Federal excise: gasoline 18.4¢/gal · diesel 24.4¢/gal (unchanged since 1993).
| State | State fuel tax | Notes |
|---|---|---|
| Arizona | ~18¢ | Flat; heavy-vehicle diesel taxed by a use-fuel rate. |
| California | ~61¢ | Indexed to CPI under SB1, reset each July; sales tax on top. |
| Colorado | 22¢ + fees | Flat excise since 1991, plus road usage fees that ramp up. |
| Florida | ~22¢ + SCETS | CPI-indexed state rate, SCETS tax, and county options; varies by county. |
| Georgia | ~33¢ | Adjusted annually; has been suspended during emergencies. |
| Illinois | ~49¢ | Indexed each July; sales tax on fuel on top. |
| Indiana | 36¢ + use tax | Flat excise plus a gasoline use tax set monthly off retail price. |
| Iowa | Varies | Ethanol differential: the rate depends on ethanol content and shifts yearly. |
| Kansas | 24¢ | Flat; diesel a touch higher. |
| Kentucky | ~26¢ | Tied partly to the average wholesale price; can move with the market. |
| Maryland | ~47¢ | Indexed to inflation, steps up most years. |
| Michigan | ~52¢ | Public Acts 17-20 of 2025 ended the sales tax on fuel and raised the flat excise, effective January 1, 2026; indexed to inflation going forward. |
| Minnesota | ~33¢ | Newly indexed, now rising on a schedule. |
| Missouri | ~30¢ | Phased increase, with a refund option for some uses. |
| New Jersey | ~49¢ | Fixed motor fuels tax plus a petroleum gross receipts tax that adjusts to a cap. |
| New York | Layered | Low excise plus the petroleum business tax plus sales tax on fuel. |
| North Carolina | ~41¢ | Set once a year by formula, plus a small inspection tax. |
| Ohio | 38.5¢ | Flat since 2019; diesel taxed higher (~47¢). |
| Oklahoma | 19¢ | Among the lowest in the nation; flat by fuel type. |
| Oregon | 40¢ | Per-gallon on gasoline; heavy trucks pay a weight-mile tax instead of diesel tax. |
| Pennsylvania | ~58¢ | Built on an oil company franchise tax tied to wholesale price; among the highest rates. |
| South Carolina | 28¢ | Motor fuel user fee, phased in and flat since 2022. |
| Tennessee | ~27¢ | Gasoline tax plus a small special petroleum fee. |
| Texas | 20¢ | Flat since 1991; no inflation adjustment. |
| Virginia | ~31¢ | Indexed annually, plus a separate sales tax on fuel. |
| Washington | ~55¢ | Among the highest; raised by legislation in 2025. |
| Wisconsin | ~31¢ | Same rate on gas and diesel, plus a petroleum inspection fee. |
Frequently asked
What is the federal fuel tax?
The federal excise tax is 18.4 cents per gallon on gasoline and 24.4 cents per gallon on diesel. Both have been unchanged since 1993.

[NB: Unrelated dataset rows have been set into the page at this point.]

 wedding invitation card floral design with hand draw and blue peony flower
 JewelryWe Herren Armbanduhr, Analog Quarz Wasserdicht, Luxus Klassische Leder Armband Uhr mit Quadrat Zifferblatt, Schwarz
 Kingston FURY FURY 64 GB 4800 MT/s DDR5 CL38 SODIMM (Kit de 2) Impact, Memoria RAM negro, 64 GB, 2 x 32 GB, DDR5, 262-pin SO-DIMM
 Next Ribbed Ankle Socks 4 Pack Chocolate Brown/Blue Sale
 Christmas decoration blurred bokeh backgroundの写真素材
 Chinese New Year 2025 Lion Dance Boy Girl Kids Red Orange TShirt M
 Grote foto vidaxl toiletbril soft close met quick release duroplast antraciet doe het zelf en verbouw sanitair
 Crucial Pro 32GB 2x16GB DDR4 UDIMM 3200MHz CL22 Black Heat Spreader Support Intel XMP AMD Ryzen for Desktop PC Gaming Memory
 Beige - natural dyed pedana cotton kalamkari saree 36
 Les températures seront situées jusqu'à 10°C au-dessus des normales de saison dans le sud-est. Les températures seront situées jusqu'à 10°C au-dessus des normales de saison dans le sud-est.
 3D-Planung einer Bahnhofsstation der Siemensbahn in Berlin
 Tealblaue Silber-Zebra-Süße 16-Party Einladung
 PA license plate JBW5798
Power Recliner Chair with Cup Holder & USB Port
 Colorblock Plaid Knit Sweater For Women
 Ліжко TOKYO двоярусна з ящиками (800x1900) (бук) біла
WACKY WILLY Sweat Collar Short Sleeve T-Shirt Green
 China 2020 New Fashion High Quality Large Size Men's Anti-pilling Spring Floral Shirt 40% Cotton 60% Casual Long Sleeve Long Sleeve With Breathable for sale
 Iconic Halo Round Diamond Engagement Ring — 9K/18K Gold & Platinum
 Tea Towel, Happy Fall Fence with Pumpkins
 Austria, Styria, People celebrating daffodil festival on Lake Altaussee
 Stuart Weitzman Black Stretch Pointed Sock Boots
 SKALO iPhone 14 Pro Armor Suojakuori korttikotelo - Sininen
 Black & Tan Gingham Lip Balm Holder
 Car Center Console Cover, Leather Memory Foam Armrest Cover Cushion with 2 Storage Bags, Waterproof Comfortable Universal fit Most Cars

Which state has the highest fuel tax?
It changes as states adjust rates, but California, Pennsylvania, and several others carry the highest combined state excise rates. The table on this page lists each state's gasoline and diesel rate.
Are fuel taxes a percentage of the price?
No. Federal and most state fuel excise taxes are a fixed amount per gallon, so they do not rise and fall with the price of fuel the way a sales tax would.